DETROIT ROCK CITY

Reviewed by Carl Arrington

Detroit Rock City is a brisk, funny portrait of four particular young men coming of age in the late '70s. They have their own garage band, are all members of the KISS army and live alternatively absurd and annoying high school lives in Cleveland. Their parents are lame, loony, or absent and school sucks. What they crave is adventure and what they find is some wisdom from experiences trying to snag a ticket to get into the big concert.

All manner of tribulation befall them. Hawk, played with wonderful cool by Edward Furlong, is the natural leader in the quartet and he ends up surrendering the usual "monty" in a male stripper bar. He also performs the best vomit scene of any teenage comedy this summer. The sheer volume is very impressive.

Good boy Jam (Sam Huntington) ends up angling his fundamentalist mother's values and loses his virginity in a confession booth. Played with goofy charm by James De Bello, Trip is not exactly eaten up with the smarts as he executes a would-be robbery with all the klutz of Woody Allen in Take the Money And Run. Lex is set upon by an angry pack of dogs -- which he then turns to his own use.
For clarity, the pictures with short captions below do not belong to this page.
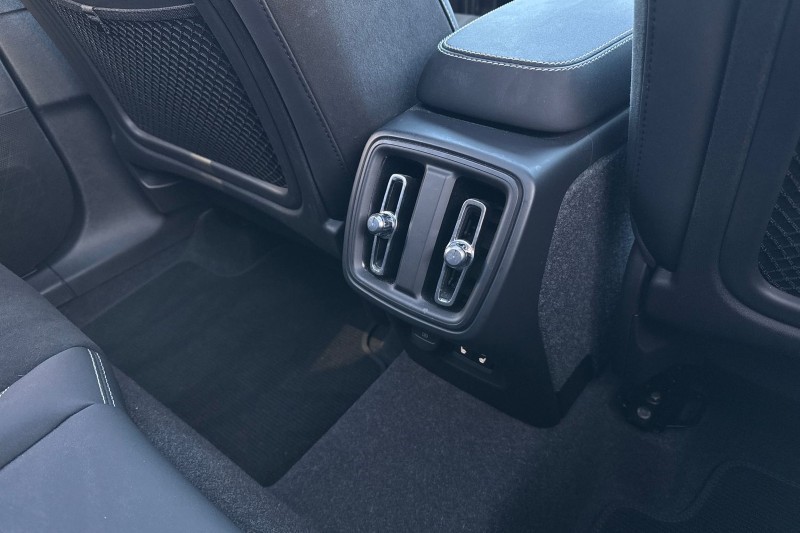 Used Volvo XC40 2024 for sale - 77005500: Photo 18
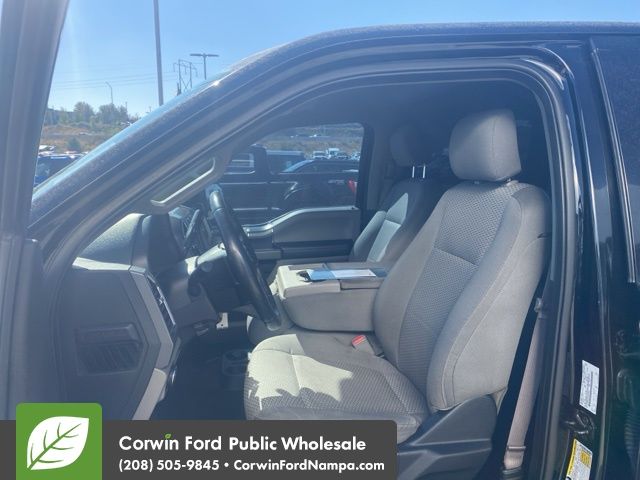 2016 Ford F-150 XLT photo 12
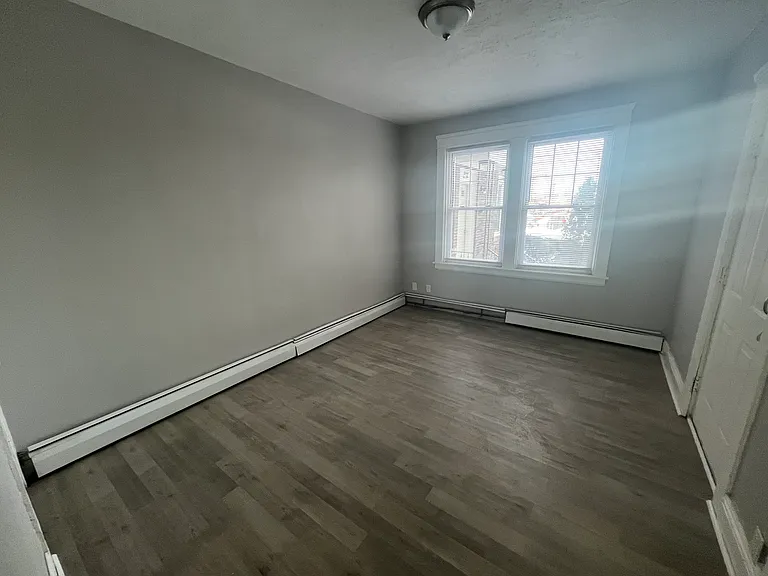 266 Adelaide Ave #3 — Photo 3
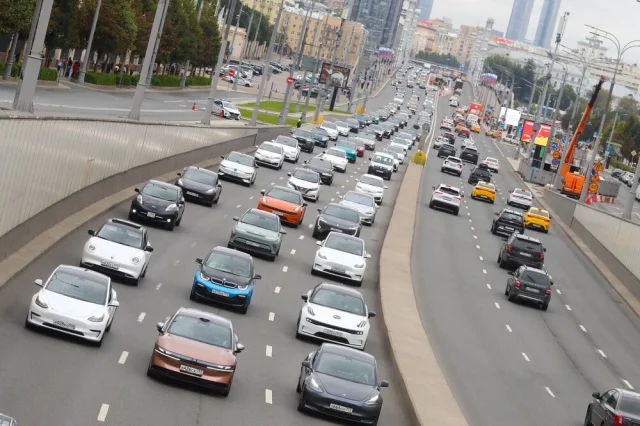 Первый транспортный электрофестиваль прошел в Москве в августе 2025 года. 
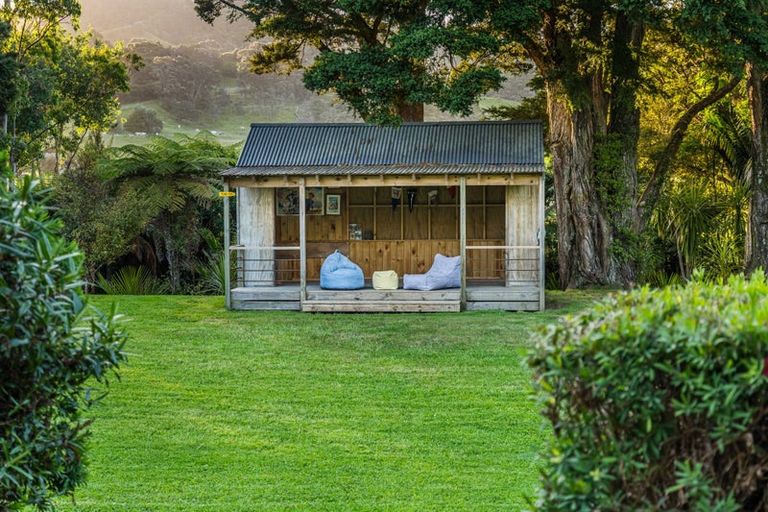 Photo of property in 316 Upper Waiwera Road, Puhoi, Silverdale, 0994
This movie is a wonderful, cranky, funny waltz through the burned over, transcendental rush it was to believe that hard rock could, if not save the world, at least produce enough volume that the pain was somehow less noticeable. It was a religion with very loud gods.
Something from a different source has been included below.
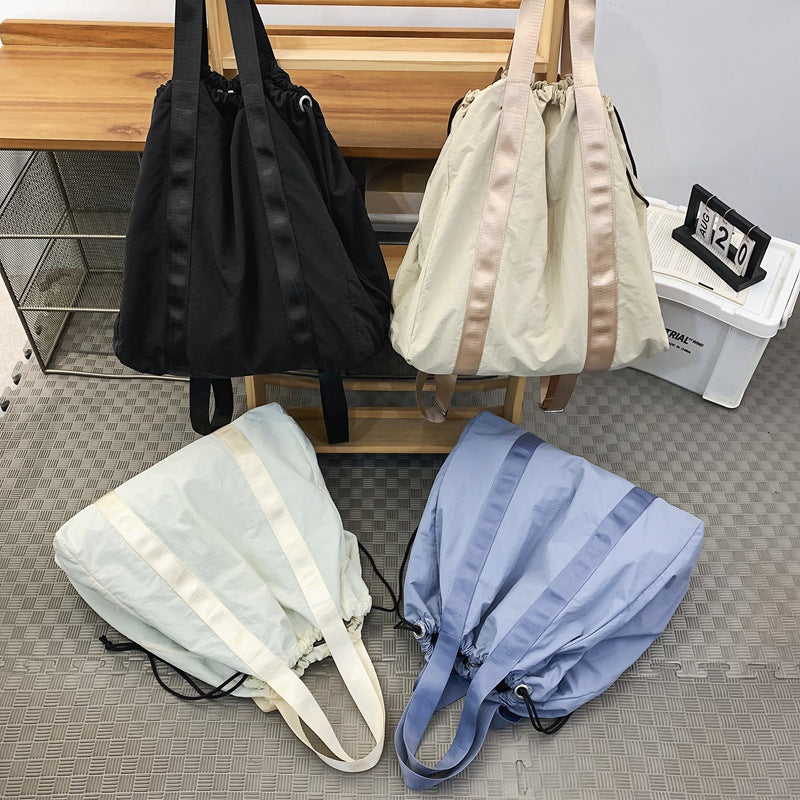 Mochila de mano en tejido de nailon de color liso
The members of KISS all appear as themselves in the finale concert number and pull out all of their best concert schtick and classic Palooki Kabuki make-up as they explode in gut-busting rock. Gene Simmons waggles that famous tongue. Paul Stanley glams gladly and smashes his guitar. Ace Frehley wails on the guitar and drummer Peter Criss plays his frisky cat in the drum kit.

To seek release in the pyrotechnics and mega-decibels of the KISS traveling show was to find a wild freedom: The freedom to be a teenager in Anytown, America. KISS then. KISS now. Smooch.